Jeff Dalton recently wrote about why he doesn’t want your search log data. It is an interesting read, and I recommend going through the whole article and comments. But I want to call attention to one thought in particular:
Academia should be building solutions for tomorrow’s data, not yesterday’s. What will the queries and documents look like in 5 or even 10 years and how can we improve retrieval for those? It’s not an easy question to answer, but you can watch Bruce Croft’s CIKM keynote for some ideas…I still believe in empirical research. However, I’m also well-aware that over-reliance on limited data can lead to overfitting and incremental changes instead of ground-breaking research. To use an analogy from Wall Street, we become too focused on quarterly paper deadlines and lose sight of the fundamental science.

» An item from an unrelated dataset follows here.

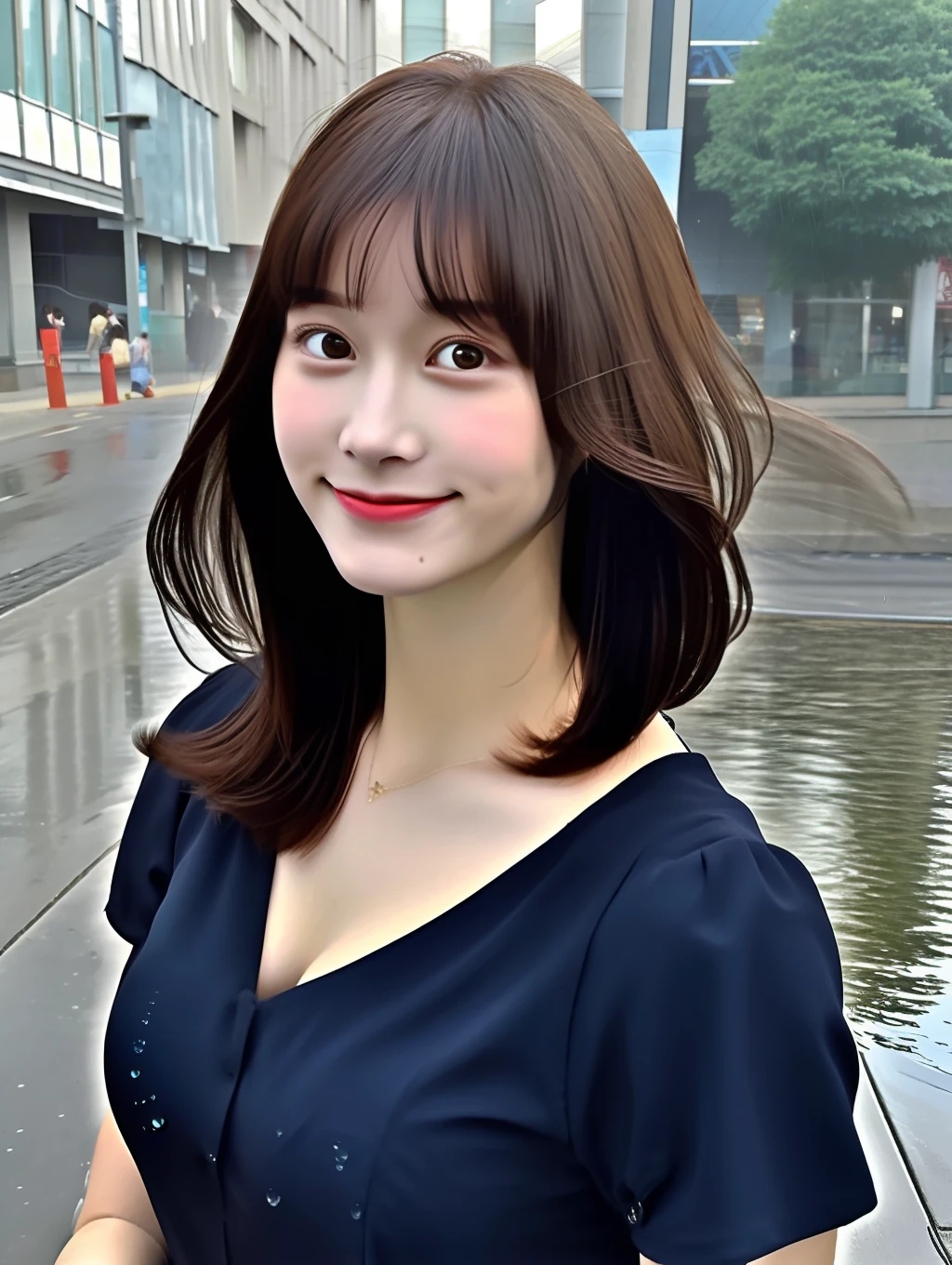 ((Best Quality, 8k, Masterpiece: 1.3)), Focus: 1.2, Perfect Body Beauty: 1.4, Buttocks: 1.2, ((Layered Haircut, Normal Breasts: 1.2)), (Rain, Street:1.3), Bandeau Dress: 1.1, Highly Detailed Face and Skin Texture, Fine Eyes, Double Eyelids, Whitened Skin, Long Hair, (Round Face: 1.5), Very Short Skirt, Bikini, Wet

It is a provokative thought, and I find it compelling. By spending too much effort paying attention to yesterday’s — and even today’s — data, you wind up limiting yourself to the existing, visible gradient. At the same time, an open question is how one develops for tomorrow’s data when that data by definition does not yet exist. This is a question that I hope to address more in the upcoming months. Not answer, but address. Most likely by pointing to work by other researchers not directly working on the IR task (as I’ve done a bit in the past). Developing for tomorrow’s data is not an easy task, but it is also worth not dismissing just because it is too far beyond the needs of today’s users.
There’s no doubt that the information economy continues to create a lot of wealth, but I think it’s fair to ask if it’s also creating enough science to replenish the stock of scientific capital that it’s still burning through. I think it’s clear that chaotic, market-driven change is a good way to bring ideas quickly and efficiently from concept to profitable product. However, such a rapid churning of the institutional and cultural landscape ultimately may not be conducive to the kind of steady, expensive, long-term investment in fundamental research that produces the really big ideas that somewhere, at some completely unforeseeable point in the future, change the world.